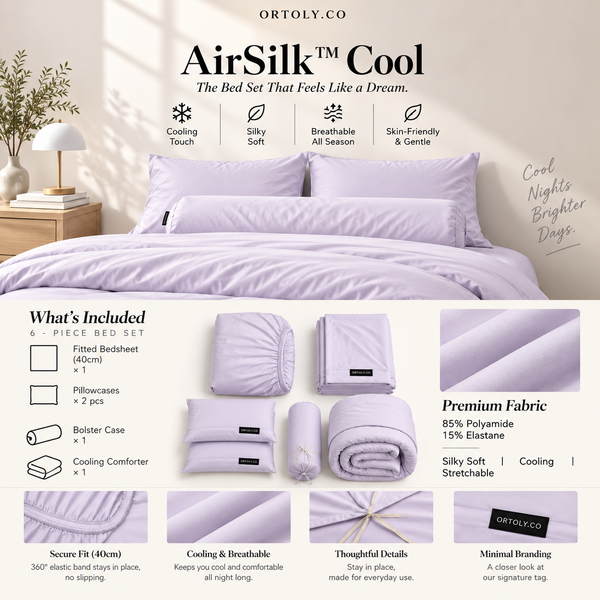 AirSilk™ LILAC MIST Cooling Bedsheet  (16Inch)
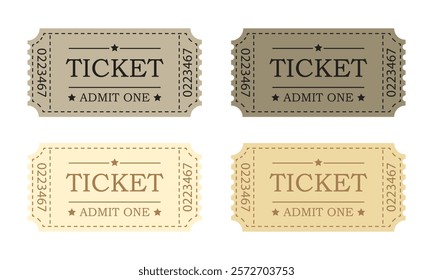 Retro ticket design set template isolated on white background. Admit one. Tickets for cinema, movie, circus, carnival, film, festival, etc. Vector illustration.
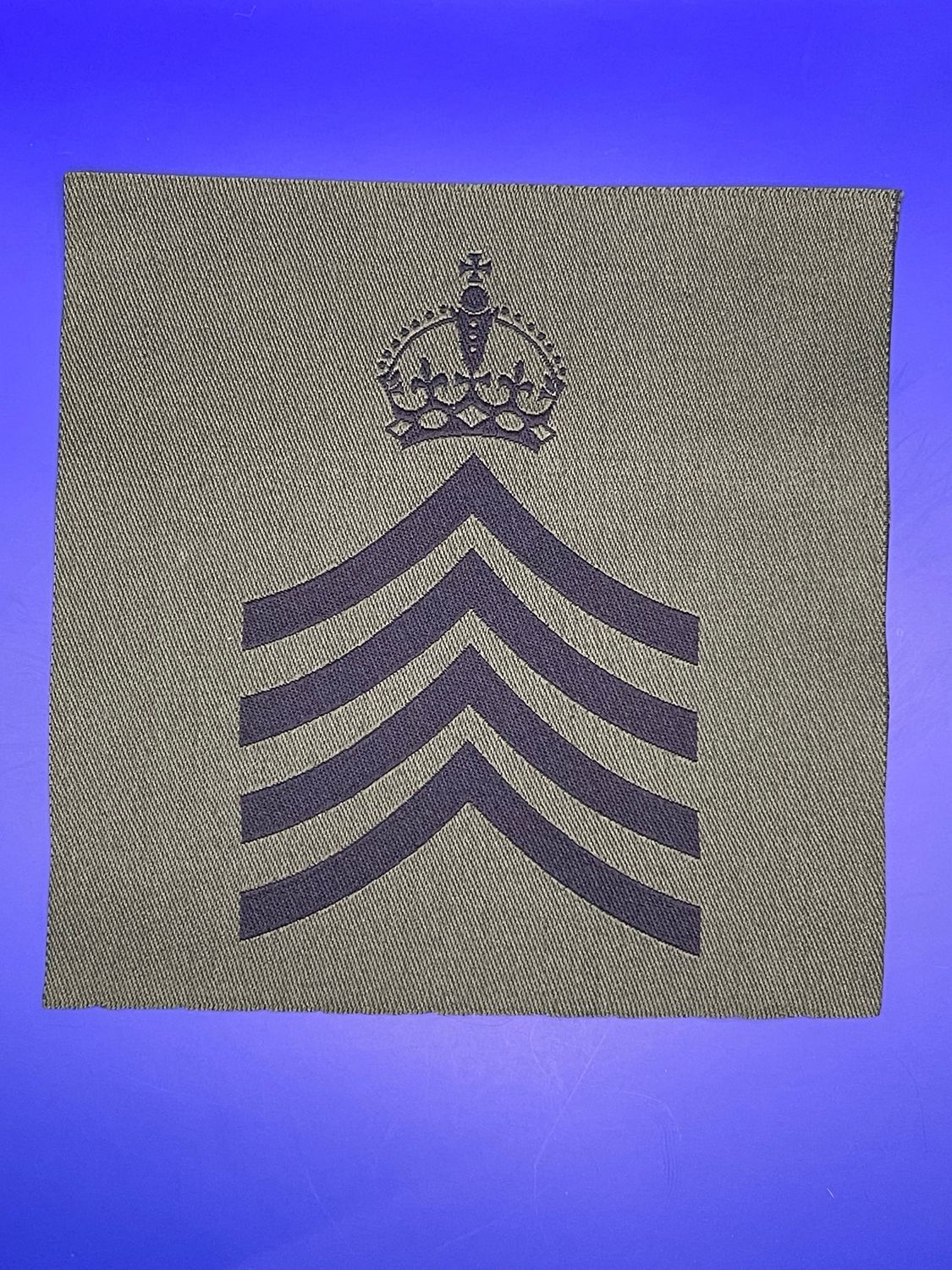 CIIIR King Charles Woven Staff Corporal SCpl Household Cavalry Rank Patch Olive Green OG Four Stripes and Crown Drum Major DMaj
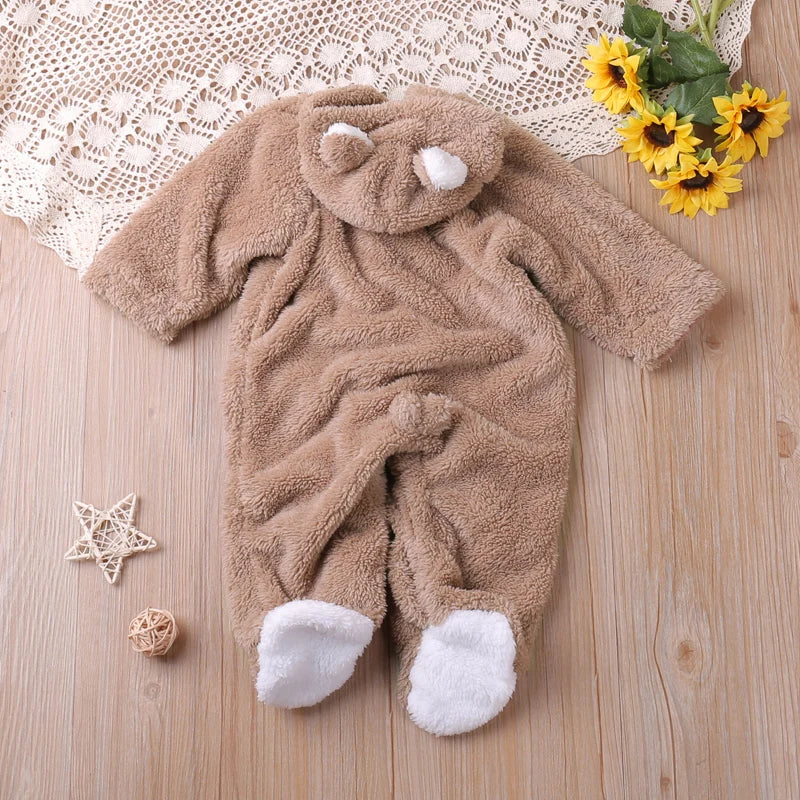 Humor Oso Estilo Cartoon Otoño Invierno Manga Larga Bebés Niños Niñas Monos Peleles Bodys Bebé Ropa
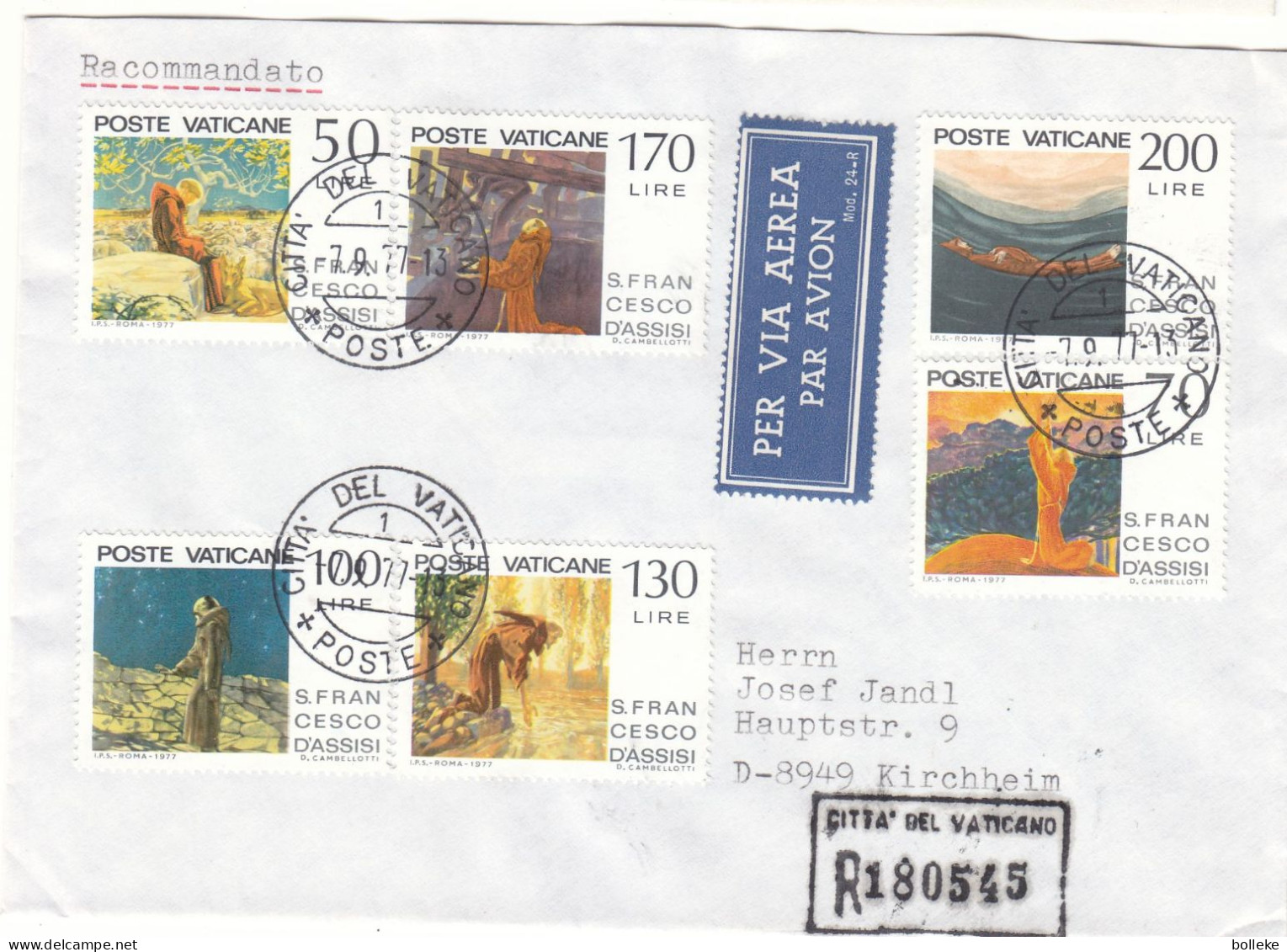 Vatican - Lettre Recom De 1977 - Oblit Citta Del Vaticano - - Briefe U. Dokumente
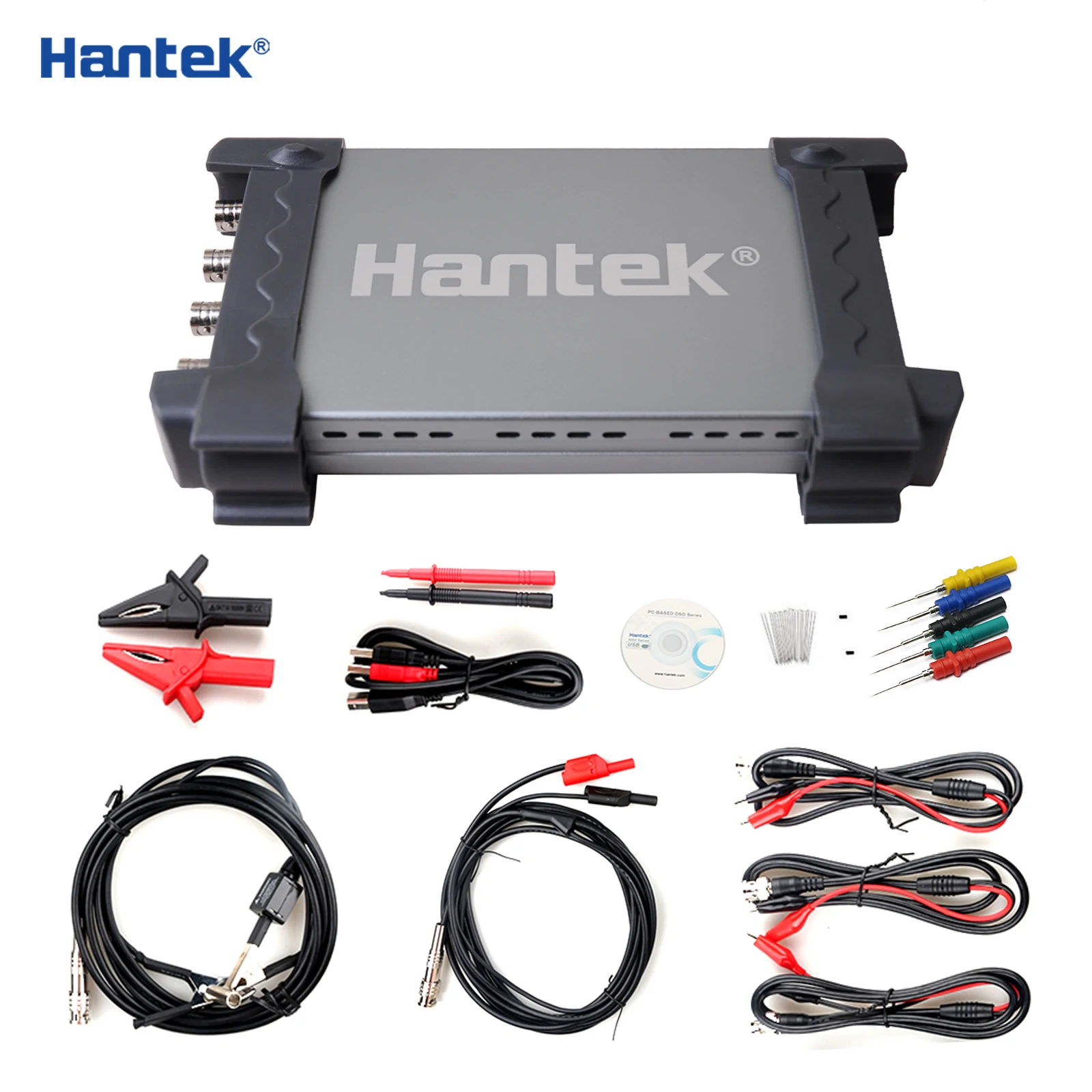 Hantek-osciloscópio 6074be (kit i) padrão, equipado com mais de 80 tipos de função de medição automotiva, usb2.0, 4 canais isolados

● ● ● ● ● ● ●

[WORK INSTRUCTION]: From the line containing "Vatican - Lettre" through the last line of the material above, write out each line exactly, leaving aside all pictures.

[PROBLEM SOLUTION]:
 Vatican - Lettre Recom De 1977 - Oblit Citta Del Vaticano - - Briefe U. Dokumente
 Hantek-osciloscópio 6074be (kit i) padrão, equipado com mais de 80 tipos de função de medição automotiva, usb2.0, 4 canais isolados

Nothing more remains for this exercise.